As the title says – I have some weird code I need to clean up from comments, which my program parses line by line. In each line There could be some text in our outside of quotes.
Each comment starts with a #, but I can’t just replace #.+$
with nothing, because if # happens inside a string, I would remove half of a string with all the code that comes after, despite it not being a comment.
So I want to catch and sanitize (through removal) all strings containing #
The regex engine I’m using is the re library of Python.
Basically, I need a regex that will match all strings in a line that contain the # character, will not match strings without it, and won’t match # that is between strings.
I tried using a simple: "[^rn"]*?#[^rn"]*?"
but it fails on lines that have # between strings, like:
_,aa."bb"!@#cc1"dd,#/ee"(ff)"gg|#|hh"_ii "jj "_kk,"ll,## mm" #comment and "comment"
because it will catch "!@#cc1"
and removing this string also uncomments a lot of garbage.
My 2nd approach was to count opening and closing quotes (escaped quotes and escaped backslashes are already sanitized, so that simplifies things), and I came up with this:
^[^rn"]*?("[^rn"]*?")*?[^rn"]*?"[^rn"]*?#[^rn"]*?"
but the problem is, it will only catch the first (or last, if I change the non-greedy *? to just *) string with # in it, not all.
So if I call regex replace on the line, it will only deal with 1 string that has # in it, and I need to catch all of them.

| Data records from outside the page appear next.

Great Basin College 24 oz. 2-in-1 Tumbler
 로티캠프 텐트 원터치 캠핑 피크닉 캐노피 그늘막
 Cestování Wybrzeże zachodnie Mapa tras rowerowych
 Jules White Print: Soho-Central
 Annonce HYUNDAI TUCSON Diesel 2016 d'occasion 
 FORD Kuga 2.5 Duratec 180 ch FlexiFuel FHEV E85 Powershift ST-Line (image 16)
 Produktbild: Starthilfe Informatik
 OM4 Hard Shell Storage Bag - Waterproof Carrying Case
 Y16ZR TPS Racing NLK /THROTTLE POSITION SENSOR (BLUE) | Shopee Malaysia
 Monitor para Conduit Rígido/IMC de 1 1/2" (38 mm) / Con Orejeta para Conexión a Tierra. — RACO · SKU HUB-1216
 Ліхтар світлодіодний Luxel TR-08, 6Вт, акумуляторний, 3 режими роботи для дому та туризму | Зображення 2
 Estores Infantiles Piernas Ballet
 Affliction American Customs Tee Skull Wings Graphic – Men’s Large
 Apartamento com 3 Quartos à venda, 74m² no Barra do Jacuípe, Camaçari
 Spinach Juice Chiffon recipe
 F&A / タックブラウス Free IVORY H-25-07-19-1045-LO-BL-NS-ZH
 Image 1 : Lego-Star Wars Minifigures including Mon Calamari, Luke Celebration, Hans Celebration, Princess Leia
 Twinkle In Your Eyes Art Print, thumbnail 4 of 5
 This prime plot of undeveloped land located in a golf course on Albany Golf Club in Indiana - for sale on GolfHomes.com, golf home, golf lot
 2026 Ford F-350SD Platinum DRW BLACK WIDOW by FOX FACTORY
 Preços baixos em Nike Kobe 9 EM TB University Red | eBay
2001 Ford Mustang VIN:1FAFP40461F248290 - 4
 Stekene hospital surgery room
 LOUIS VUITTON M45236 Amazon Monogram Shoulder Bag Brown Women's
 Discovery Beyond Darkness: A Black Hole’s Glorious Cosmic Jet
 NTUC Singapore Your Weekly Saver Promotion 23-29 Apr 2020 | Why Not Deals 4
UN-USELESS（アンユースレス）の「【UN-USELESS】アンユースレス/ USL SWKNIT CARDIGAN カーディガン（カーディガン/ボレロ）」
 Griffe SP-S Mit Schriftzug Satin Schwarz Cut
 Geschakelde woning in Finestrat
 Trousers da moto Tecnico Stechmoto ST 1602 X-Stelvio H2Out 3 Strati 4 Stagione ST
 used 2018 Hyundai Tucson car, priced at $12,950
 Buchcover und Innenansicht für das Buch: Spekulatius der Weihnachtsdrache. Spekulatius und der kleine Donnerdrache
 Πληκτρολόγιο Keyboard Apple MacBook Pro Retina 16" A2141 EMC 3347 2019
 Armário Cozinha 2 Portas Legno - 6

Is there some smart way of achieving that? Counting quotes before the match through some kind of lookbehind?
I tried in Notepad++ and lookbehind is rather unhappy to receive wildcards in lookbehinds.
Maybe Python is more forgiving?
Also, I’m not good with lookahead/lookbehind stuff (I’m just dumb in this particular department).
Btw feel free to use this test string, because I think it covers most cases:
_,aa."bb"!@#cc1"dd,#/ee"(ff)"gg|#|hh"_ii "jj "_kk,"ll,## mm" #comment and "comment"